## Text Summarization - (tf-idf)

#### STEP 1 : Data cleaning 
#### STEP 2 : Score of sentences (tf-idf)
#### STEP 3 : Summary Generation

## Initial Phase
### Importing Libraries and Reading Data 

In [1]:
### importing the necessary libraries

from nltk.corpus import stopwords
import numpy as np
import pandas
import nltk
import re
# from __future__ import division

In [2]:
df = pandas.read_csv('Data/tennis_articles_v4.csv')

In [3]:
print(df['article_text'])

for a in df['article_text']:
    print(len(a))

0    Maria Sharapova has basically no friends as te...
1    BASEL, Switzerland (AP), Roger Federer advance...
2    Roger Federer has revealed that organisers of ...
3    Kei Nishikori will try to end his long losing ...
4    Federer, 37, first broke through on tour over ...
5    Nadal has not played tennis since he was force...
6    Tennis giveth, and tennis taketh away.
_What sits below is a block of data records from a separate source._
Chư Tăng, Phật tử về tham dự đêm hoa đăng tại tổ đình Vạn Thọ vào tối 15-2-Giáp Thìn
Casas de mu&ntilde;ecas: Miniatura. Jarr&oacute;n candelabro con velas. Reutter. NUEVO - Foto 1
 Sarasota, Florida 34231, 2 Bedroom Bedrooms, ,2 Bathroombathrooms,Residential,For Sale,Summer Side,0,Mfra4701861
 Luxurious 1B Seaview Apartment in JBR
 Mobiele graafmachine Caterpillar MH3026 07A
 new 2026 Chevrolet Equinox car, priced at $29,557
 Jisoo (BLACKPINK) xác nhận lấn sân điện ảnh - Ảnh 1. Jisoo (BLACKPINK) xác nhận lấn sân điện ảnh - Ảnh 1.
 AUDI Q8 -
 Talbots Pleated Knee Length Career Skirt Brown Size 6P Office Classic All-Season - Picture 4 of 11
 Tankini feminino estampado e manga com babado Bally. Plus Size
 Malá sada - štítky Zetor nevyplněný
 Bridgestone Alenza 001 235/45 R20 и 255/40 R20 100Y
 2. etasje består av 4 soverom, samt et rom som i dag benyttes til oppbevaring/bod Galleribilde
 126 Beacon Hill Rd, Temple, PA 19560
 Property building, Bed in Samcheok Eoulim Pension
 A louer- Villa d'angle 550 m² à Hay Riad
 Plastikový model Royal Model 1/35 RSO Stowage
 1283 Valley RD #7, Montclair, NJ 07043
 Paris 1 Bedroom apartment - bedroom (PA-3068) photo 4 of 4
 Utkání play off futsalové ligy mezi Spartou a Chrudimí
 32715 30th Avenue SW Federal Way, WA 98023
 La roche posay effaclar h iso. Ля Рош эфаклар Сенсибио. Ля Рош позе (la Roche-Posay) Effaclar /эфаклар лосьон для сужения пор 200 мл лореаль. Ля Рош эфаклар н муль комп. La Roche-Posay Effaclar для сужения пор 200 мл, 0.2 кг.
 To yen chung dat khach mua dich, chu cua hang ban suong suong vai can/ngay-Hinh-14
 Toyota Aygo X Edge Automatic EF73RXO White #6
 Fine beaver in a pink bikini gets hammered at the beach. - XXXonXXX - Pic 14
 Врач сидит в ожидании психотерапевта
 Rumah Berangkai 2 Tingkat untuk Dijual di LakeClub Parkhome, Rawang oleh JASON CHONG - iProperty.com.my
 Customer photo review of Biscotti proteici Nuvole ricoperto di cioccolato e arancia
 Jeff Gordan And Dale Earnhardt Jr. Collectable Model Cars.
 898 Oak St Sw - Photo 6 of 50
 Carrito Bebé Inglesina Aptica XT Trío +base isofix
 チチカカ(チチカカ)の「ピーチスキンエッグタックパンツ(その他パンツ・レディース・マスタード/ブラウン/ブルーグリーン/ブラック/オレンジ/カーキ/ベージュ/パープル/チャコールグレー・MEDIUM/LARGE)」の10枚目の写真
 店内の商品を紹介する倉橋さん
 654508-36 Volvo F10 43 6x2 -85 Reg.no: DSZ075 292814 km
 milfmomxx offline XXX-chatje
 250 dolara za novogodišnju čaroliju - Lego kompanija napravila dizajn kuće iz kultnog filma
The end...
7    Federer won the Swiss Indoors last week by bea...
Name: article_text, dtype: object
1561
1331
2063
1341
2076
1545
1079
1833


### Tokenizing sentences into words which would be used for calculating tf-idf scores

In [4]:
### tokenized the sentences from the different news articles

from nltk.tokenize import sent_tokenize
s = ""
for a in df['article_text']:
      s += a
sentences = sent_tokenize(s)
# sentences

## STEP 1 : Data Cleaning
### Cleaning sentences, by removing Non Alphabet Characters and converting to Lower Case Letters

In [5]:
### pre processes the sentences by removing non alphabet characters and converting them to lower case letters 
### and stored in variable text

dict = {}
text=""
for a in sentences:
    temp = re.sub("[^a-zA-Z]"," ",a)
    temp = temp.lower()
    dict[temp] = a
    text+=temp
text

'maria sharapova has basically no friends as tennis players on the wta tour the russian player has no problems in openly speaking about it and in a recent interview she said   i don t really hide any feelings too much i think everyone knows this is my job here when i m on the courts or when i m on the court playing  i m a competitor and i want to beat every single person whether they re in the locker room or across the net so i m not the one to strike up a conversation about the weather and know that in the next few minutes i have to go and try to win a tennis match i m a pretty competitive girl i say my hellos  but i m not sending any players flowers as well uhm  i m not really friendly or close to many players i have not a lot of friends away from the courts  when she said she is not really close to a lot of players  is that something strategic that she is doing is it different on the men s tour than the women s tour  no  not at all i think just because you re in the same sport doesn

## STEP 2 : Getting tf-idf score of sentences
### Finding term frequency ( tf ) of words found in text

In [6]:
### calculated the frequency of the words found in text

stopwords = nltk.corpus.stopwords.words('english')
word_frequencies = {}
for word in nltk.word_tokenize(text):
    if word not in stopwords:
        if word not in word_frequencies.keys():
            word_frequencies[word] = 1
        else:
            word_frequencies[word] += 1
print (word_frequencies)

{'maria': 1, 'sharapova': 1, 'basically': 1, 'friends': 6, 'tennis': 12, 'players': 16, 'wta': 2, 'tour': 5, 'russian': 1, 'player': 2, 'problems': 1, 'openly': 1, 'speaking': 2, 'recent': 1, 'interview': 1, 'said': 11, 'really': 6, 'hide': 1, 'feelings': 1, 'much': 3, 'think': 8, 'everyone': 3, 'knows': 1, 'job': 1, 'courts': 2, 'court': 6, 'playing': 3, 'competitor': 1, 'want': 1, 'beat': 1, 'every': 3, 'single': 1, 'person': 2, 'whether': 2, 'locker': 2, 'room': 1, 'across': 2, 'net': 1, 'one': 4, 'strike': 1, 'conversation': 1, 'weather': 1, 'know': 3, 'next': 8, 'minutes': 1, 'go': 2, 'try': 3, 'win': 9, 'match': 7, 'pretty': 2, 'competitive': 1, 'girl': 1, 'say': 2, 'hellos': 1, 'sending': 1, 'flowers': 1, 'well': 2, 'uhm': 1, 'friendly': 3, 'close': 3, 'many': 3, 'lot': 5, 'away': 3, 'something': 1, 'strategic': 1, 'different': 4, 'men': 1, 'women': 1, 'sport': 1, 'mean': 2, 'categorized': 1, 'going': 2, 'get': 4, 'along': 2, 'interests': 2, 'completely': 1, 'jobs': 1, 'met': 1,

### Finding weighted frequency of the words

In [7]:
### finding weighted frequency of the words

max_freq = max(word_frequencies.values())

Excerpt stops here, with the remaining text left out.